■ What the task requires:
Pictures in the data should be dropped; transcribe exactly the lines from the one that has "gatti per bambini" through the one that has "В Валуйках Белгородской".

■ Data for this exercise:
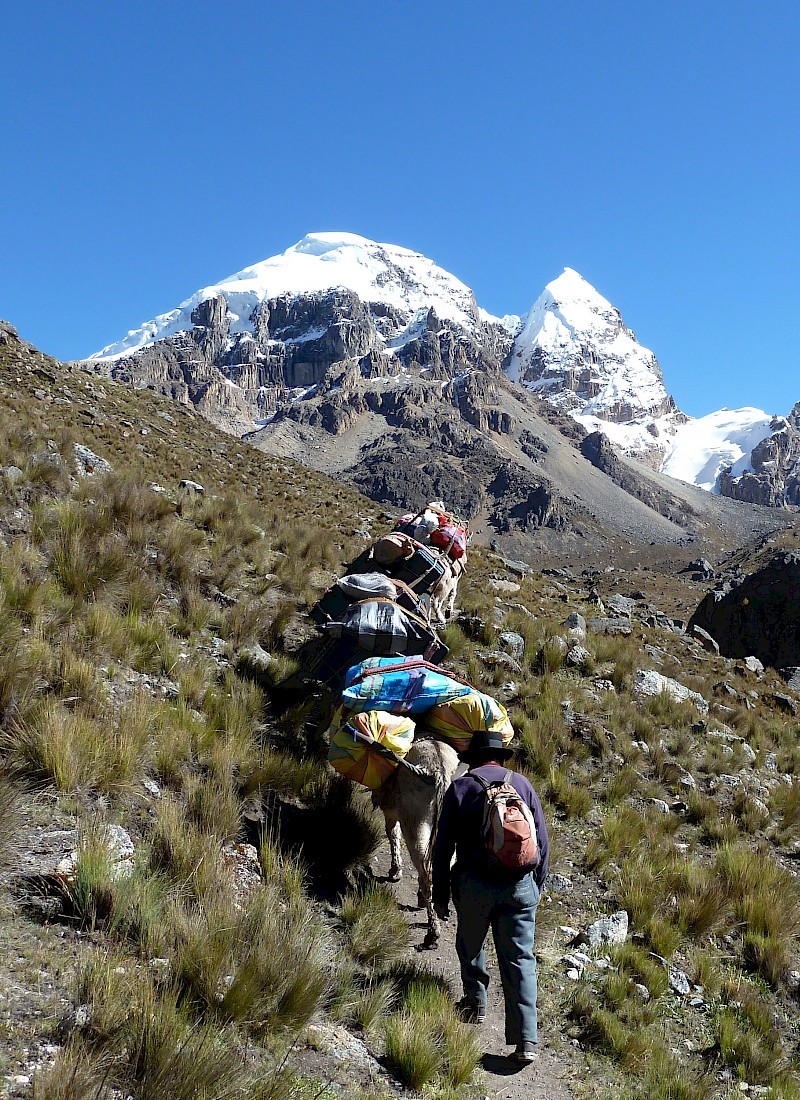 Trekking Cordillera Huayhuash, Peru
...
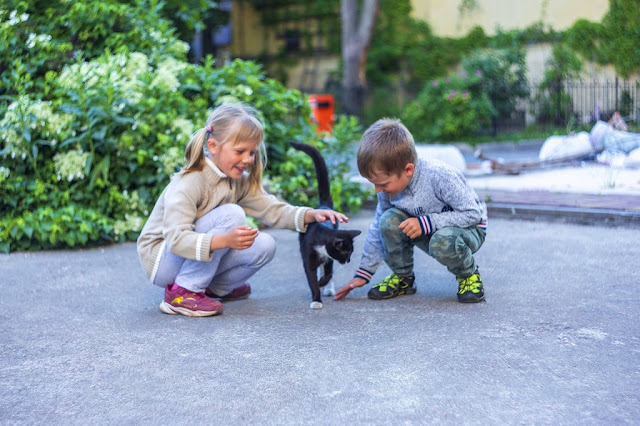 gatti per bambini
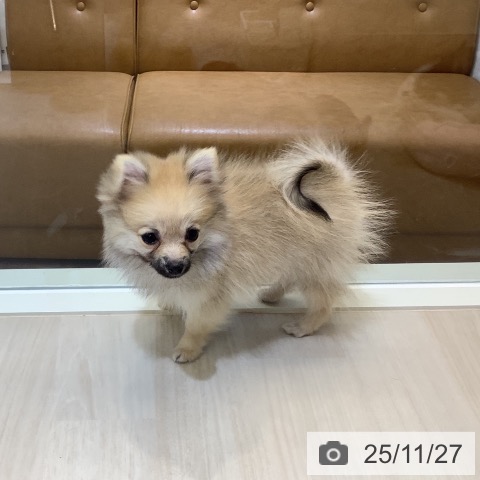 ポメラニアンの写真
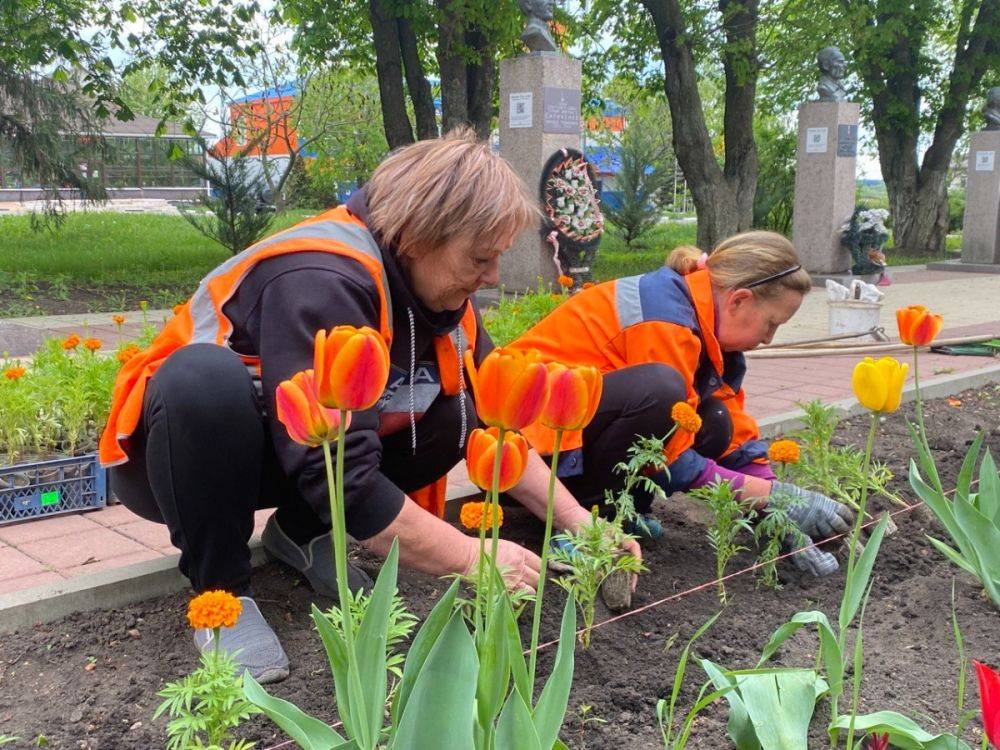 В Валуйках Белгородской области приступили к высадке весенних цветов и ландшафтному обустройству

■ Exercise response:
 gatti per bambini
 ポメラニアンの写真
 В Валуйках Белгородской области приступили к высадке весенних цветов и ландшафтному обустройству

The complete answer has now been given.